### INSTRUCTIONS TO FOLLOW:
With the pictures left out, reproduce exactly the lines running from the line with "画像16: サーモンピンク×ホワイトストライプ布ベルト&ポケット付きフロントボタン半袖ドレス (16)" to the last line of the material below.

### THE INPUT:
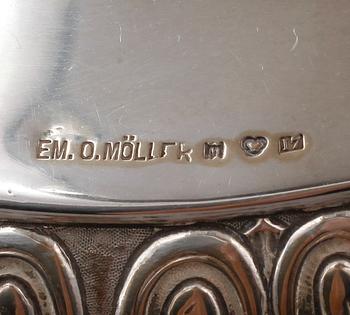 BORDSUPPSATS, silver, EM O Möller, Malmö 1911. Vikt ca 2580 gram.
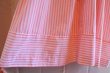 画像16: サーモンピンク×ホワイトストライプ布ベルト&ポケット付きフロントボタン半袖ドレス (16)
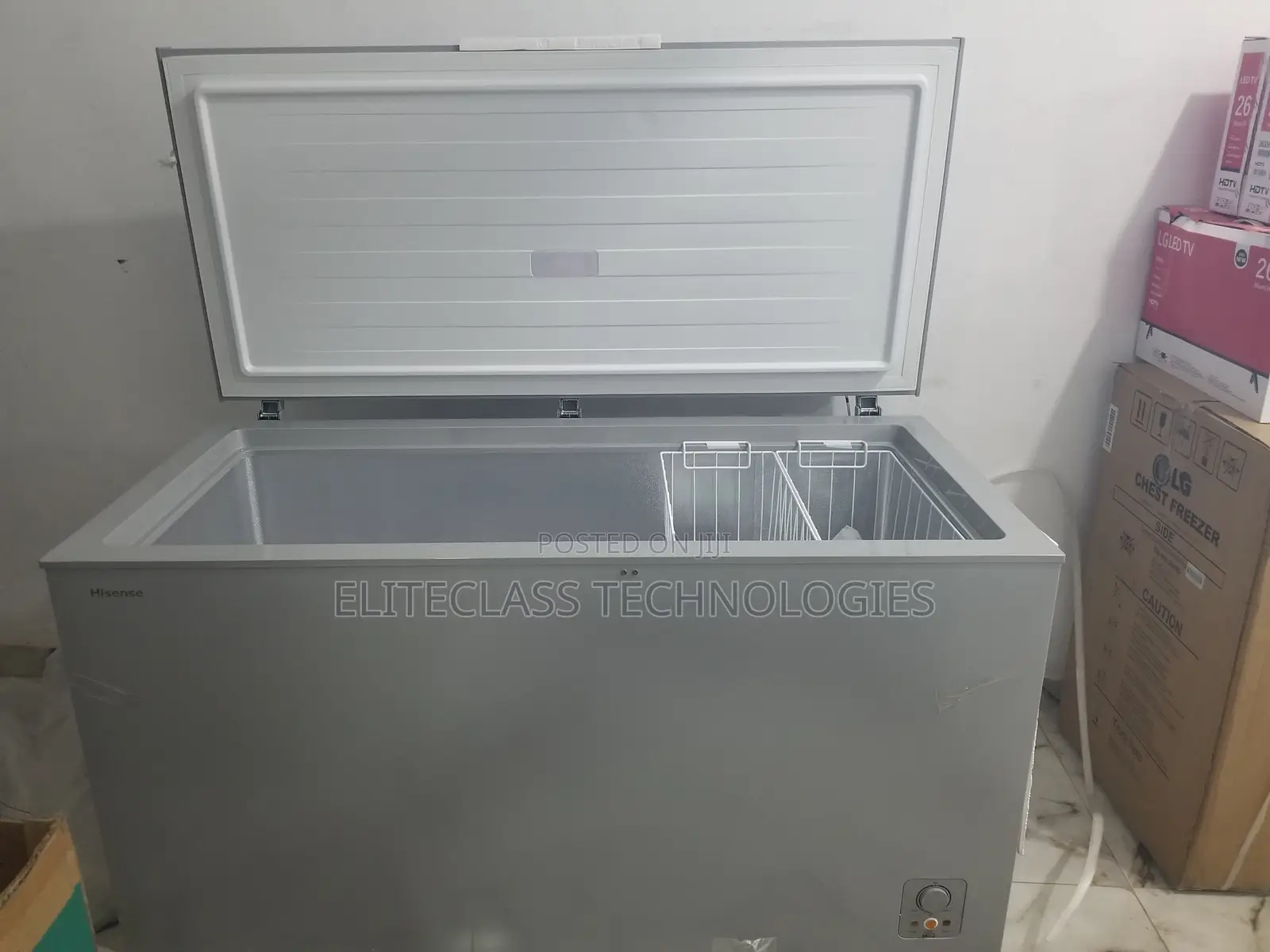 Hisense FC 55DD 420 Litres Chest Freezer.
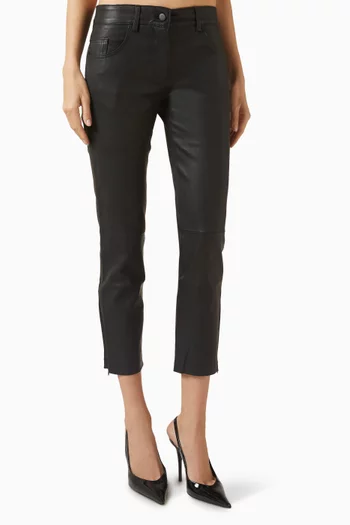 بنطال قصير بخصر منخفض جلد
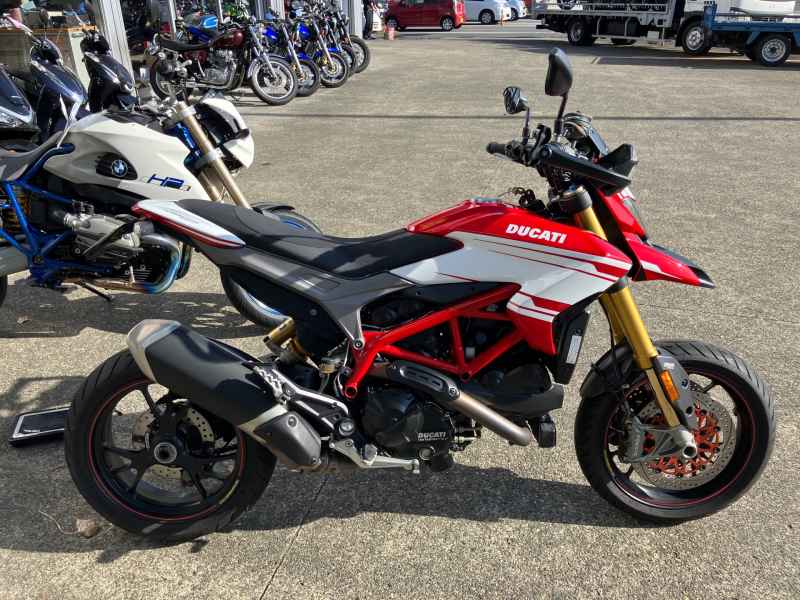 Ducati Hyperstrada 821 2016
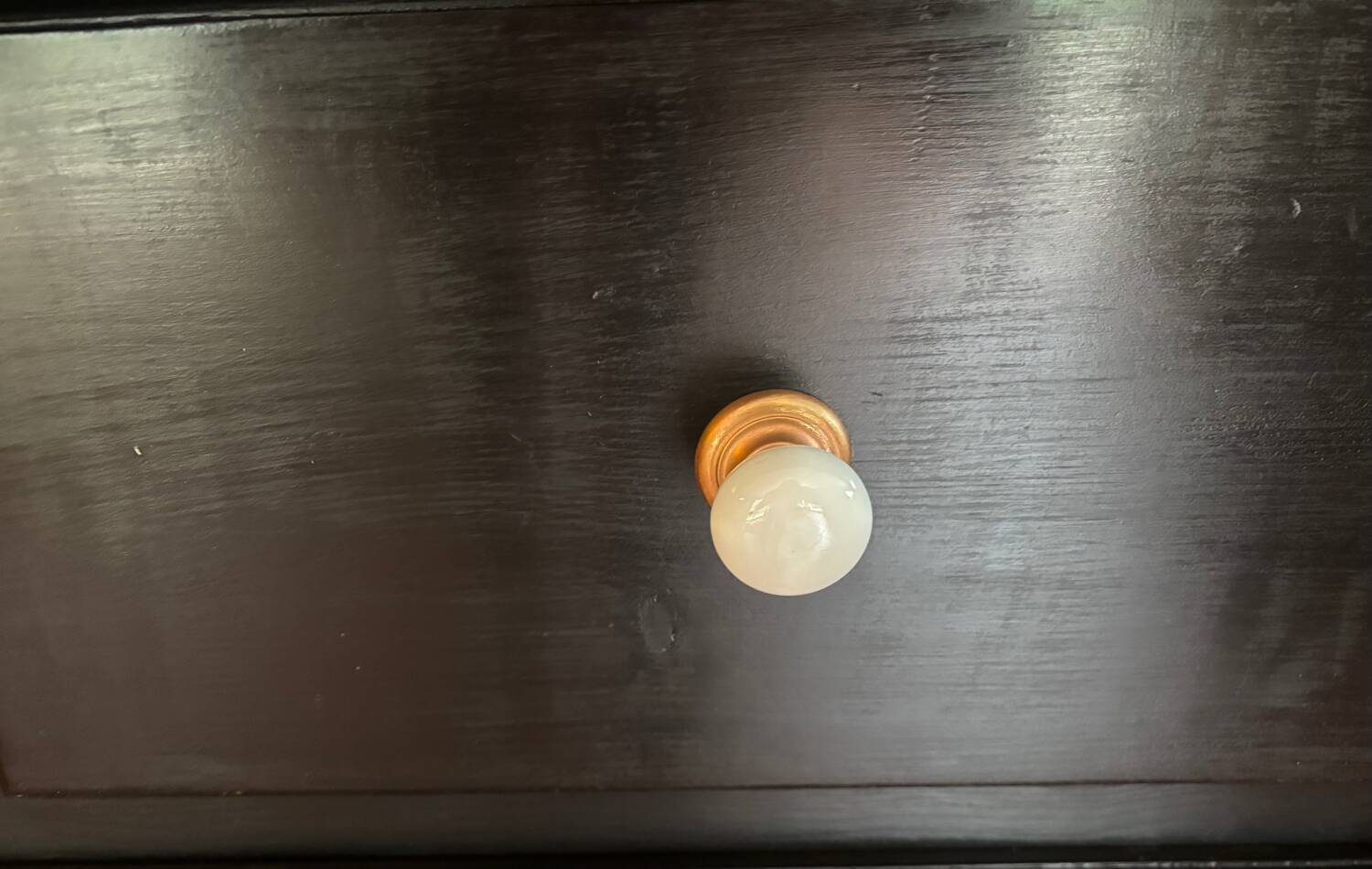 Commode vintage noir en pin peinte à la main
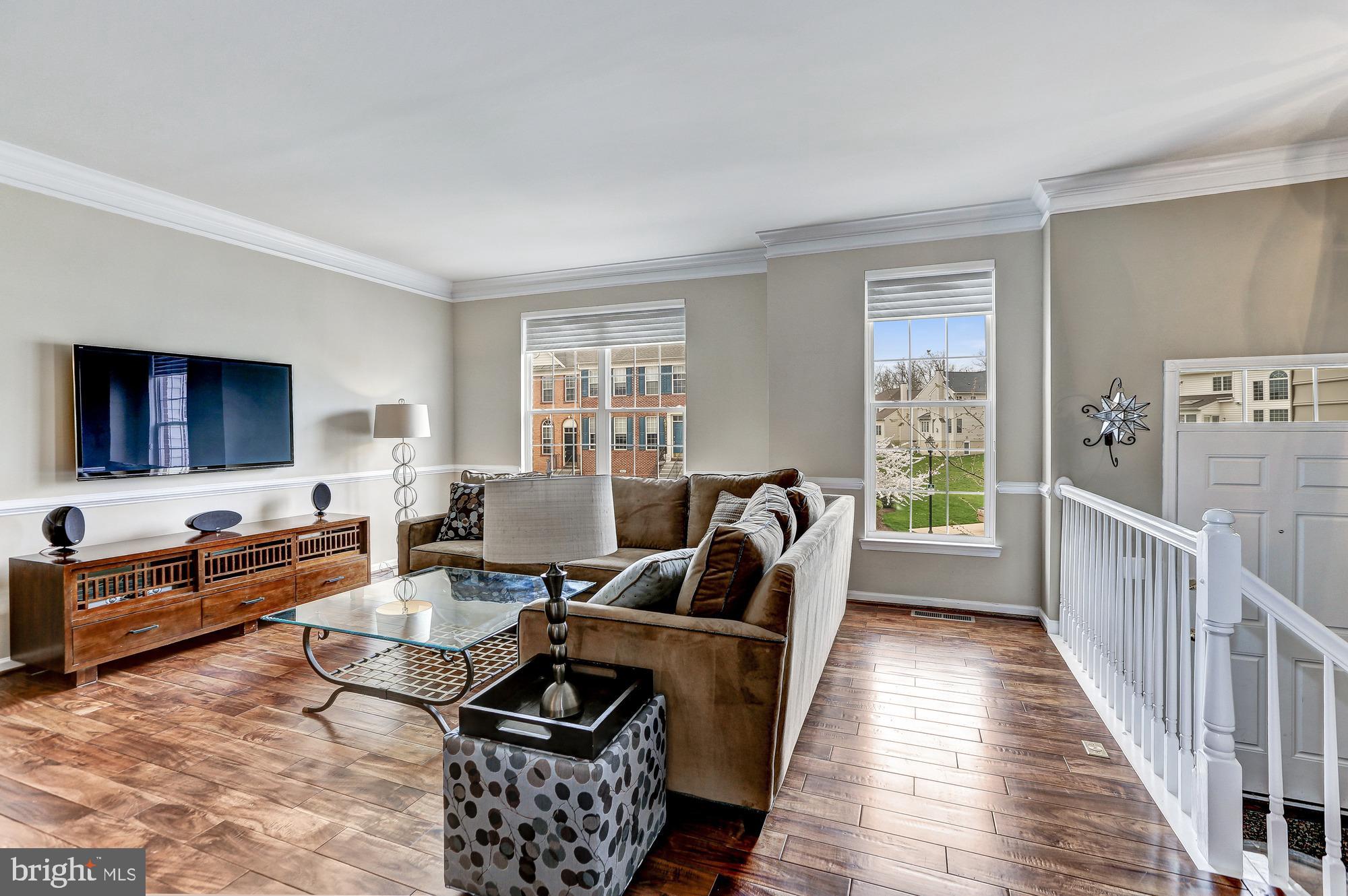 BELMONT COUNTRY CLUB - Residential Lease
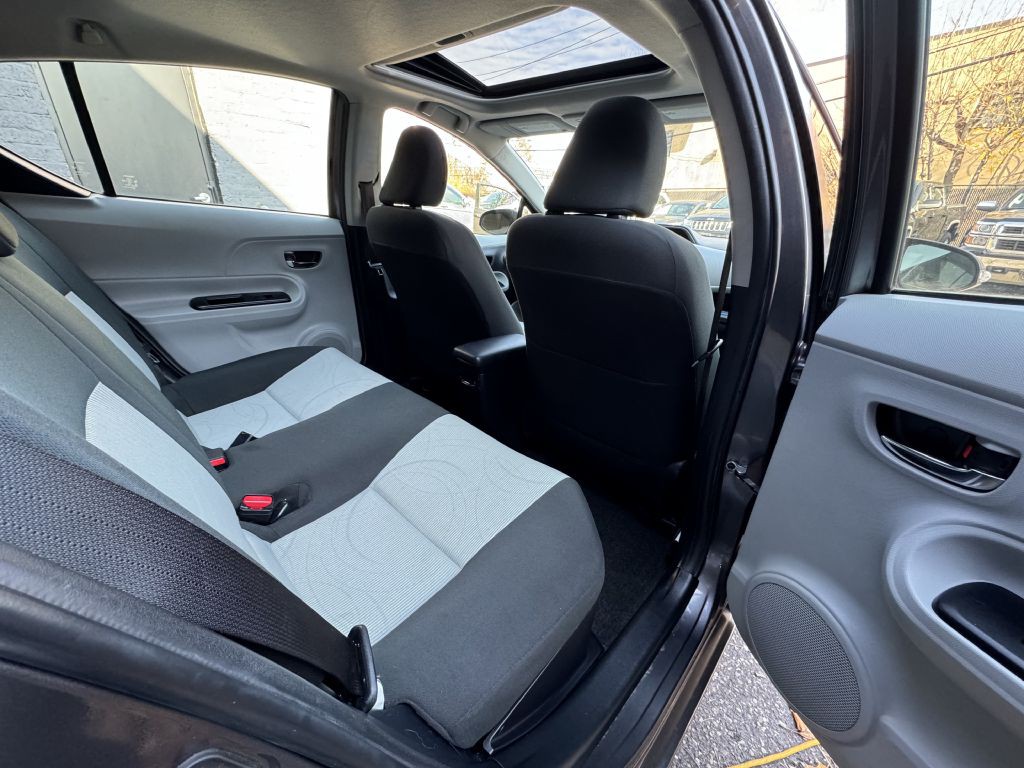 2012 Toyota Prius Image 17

### EXERCISE SOLUTION:
 画像16: サーモンピンク×ホワイトストライプ布ベルト&ポケット付きフロントボタン半袖ドレス (16)
 Hisense FC 55DD 420 Litres Chest Freezer.
 بنطال قصير بخصر منخفض جلد
 Ducati Hyperstrada 821 2016
 Commode vintage noir en pin peinte à la main
 BELMONT COUNTRY CLUB - Residential Lease
 2012 Toyota Prius Image 17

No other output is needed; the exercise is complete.